### Stored data
════
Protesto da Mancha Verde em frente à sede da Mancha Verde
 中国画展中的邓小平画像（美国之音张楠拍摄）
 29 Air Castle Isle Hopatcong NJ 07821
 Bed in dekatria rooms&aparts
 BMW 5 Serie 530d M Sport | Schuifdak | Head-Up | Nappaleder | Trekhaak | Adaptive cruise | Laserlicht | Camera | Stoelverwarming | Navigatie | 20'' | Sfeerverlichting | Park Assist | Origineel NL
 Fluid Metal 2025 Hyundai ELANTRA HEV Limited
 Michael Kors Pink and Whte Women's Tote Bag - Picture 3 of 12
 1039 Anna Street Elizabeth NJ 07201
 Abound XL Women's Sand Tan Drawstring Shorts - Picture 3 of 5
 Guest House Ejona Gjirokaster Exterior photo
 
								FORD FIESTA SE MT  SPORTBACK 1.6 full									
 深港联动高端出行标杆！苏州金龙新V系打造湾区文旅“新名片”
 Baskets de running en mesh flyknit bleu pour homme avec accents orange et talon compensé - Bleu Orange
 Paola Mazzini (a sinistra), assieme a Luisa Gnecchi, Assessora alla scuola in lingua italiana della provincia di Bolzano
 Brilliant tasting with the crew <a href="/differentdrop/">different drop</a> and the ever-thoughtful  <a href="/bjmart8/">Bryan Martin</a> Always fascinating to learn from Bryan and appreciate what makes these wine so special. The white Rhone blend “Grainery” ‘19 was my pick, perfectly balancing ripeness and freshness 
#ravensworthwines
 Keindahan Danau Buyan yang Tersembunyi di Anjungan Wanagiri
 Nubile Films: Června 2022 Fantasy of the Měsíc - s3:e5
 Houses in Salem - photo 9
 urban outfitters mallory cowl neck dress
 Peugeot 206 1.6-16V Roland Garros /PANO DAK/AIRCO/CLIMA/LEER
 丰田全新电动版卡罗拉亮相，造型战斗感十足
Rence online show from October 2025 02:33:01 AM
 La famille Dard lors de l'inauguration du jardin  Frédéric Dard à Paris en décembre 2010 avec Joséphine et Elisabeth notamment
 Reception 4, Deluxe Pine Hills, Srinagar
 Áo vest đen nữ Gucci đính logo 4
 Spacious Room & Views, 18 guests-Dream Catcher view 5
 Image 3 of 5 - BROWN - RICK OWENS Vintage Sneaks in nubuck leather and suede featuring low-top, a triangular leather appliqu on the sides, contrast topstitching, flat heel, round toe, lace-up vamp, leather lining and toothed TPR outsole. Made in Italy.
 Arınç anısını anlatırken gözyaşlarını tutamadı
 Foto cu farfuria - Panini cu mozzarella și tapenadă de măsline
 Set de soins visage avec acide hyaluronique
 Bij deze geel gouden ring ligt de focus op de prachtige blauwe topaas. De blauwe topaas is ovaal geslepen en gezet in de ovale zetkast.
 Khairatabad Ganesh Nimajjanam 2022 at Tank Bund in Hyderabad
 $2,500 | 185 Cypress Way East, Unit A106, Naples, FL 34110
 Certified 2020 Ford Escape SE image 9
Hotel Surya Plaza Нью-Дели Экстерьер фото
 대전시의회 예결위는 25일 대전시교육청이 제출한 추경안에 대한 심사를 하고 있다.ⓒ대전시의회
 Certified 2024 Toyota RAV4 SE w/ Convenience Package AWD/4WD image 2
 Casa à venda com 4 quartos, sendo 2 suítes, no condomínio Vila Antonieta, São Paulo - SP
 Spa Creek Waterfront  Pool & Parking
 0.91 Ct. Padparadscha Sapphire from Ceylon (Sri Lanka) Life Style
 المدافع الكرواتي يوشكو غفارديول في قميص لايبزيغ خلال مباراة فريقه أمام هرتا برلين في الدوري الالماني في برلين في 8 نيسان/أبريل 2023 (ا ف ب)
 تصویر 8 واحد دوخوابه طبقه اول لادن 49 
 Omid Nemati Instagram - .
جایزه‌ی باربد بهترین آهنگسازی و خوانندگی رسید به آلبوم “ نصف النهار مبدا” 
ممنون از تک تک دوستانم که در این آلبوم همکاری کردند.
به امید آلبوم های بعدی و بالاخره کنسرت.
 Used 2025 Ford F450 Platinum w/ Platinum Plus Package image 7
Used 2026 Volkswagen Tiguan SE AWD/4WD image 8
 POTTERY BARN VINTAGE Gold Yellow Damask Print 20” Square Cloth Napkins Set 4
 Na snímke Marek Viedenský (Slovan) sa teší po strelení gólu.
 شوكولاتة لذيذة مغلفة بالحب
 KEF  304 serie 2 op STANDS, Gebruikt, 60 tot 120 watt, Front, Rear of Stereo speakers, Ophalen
════
### Problem
Each line in the entries above, starting at the line with "Rence online show" and ending at the line with "Used 2026 Volkswagen", is to be printed exactly, and only those lines.

### Your solution
Rence online show from October 2025 02:33:01 AM
 La famille Dard lors de l'inauguration du jardin  Frédéric Dard à Paris en décembre 2010 avec Joséphine et Elisabeth notamment
 Reception 4, Deluxe Pine Hills, Srinagar
 Áo vest đen nữ Gucci đính logo 4
 Spacious Room & Views, 18 guests-Dream Catcher view 5
 Image 3 of 5 - BROWN - RICK OWENS Vintage Sneaks in nubuck leather and suede featuring low-top, a triangular leather appliqu on the sides, contrast topstitching, flat heel, round toe, lace-up vamp, leather lining and toothed TPR outsole. Made in Italy.
 Arınç anısını anlatırken gözyaşlarını tutamadı
 Foto cu farfuria - Panini cu mozzarella și tapenadă de măsline
 Set de soins visage avec acide hyaluronique
 Bij deze geel gouden ring ligt de focus op de prachtige blauwe topaas. De blauwe topaas is ovaal geslepen en gezet in de ovale zetkast.
 Khairatabad Ganesh Nimajjanam 2022 at Tank Bund in Hyderabad
 $2,500 | 185 Cypress Way East, Unit A106, Naples, FL 34110
 Certified 2020 Ford Escape SE image 9
Hotel Surya Plaza Нью-Дели Экстерьер фото
 대전시의회 예결위는 25일 대전시교육청이 제출한 추경안에 대한 심사를 하고 있다.ⓒ대전시의회
 Certified 2024 Toyota RAV4 SE w/ Convenience Package AWD/4WD image 2
 Casa à venda com 4 quartos, sendo 2 suítes, no condomínio Vila Antonieta, São Paulo - SP
 Spa Creek Waterfront  Pool & Parking
 0.91 Ct. Padparadscha Sapphire from Ceylon (Sri Lanka) Life Style
 المدافع الكرواتي يوشكو غفارديول في قميص لايبزيغ خلال مباراة فريقه أمام هرتا برلين في الدوري الالماني في برلين في 8 نيسان/أبريل 2023 (ا ف ب)
 تصویر 8 واحد دوخوابه طبقه اول لادن 49 
 Omid Nemati Instagram - .
جایزه‌ی باربد بهترین آهنگسازی و خوانندگی رسید به آلبوم “ نصف النهار مبدا” 
ممنون از تک تک دوستانم که در این آلبوم همکاری کردند.
به امید آلبوم های بعدی و بالاخره کنسرت.
 Used 2025 Ford F450 Platinum w/ Platinum Plus Package image 7
Used 2026 Volkswagen Tiguan SE AWD/4WD image 8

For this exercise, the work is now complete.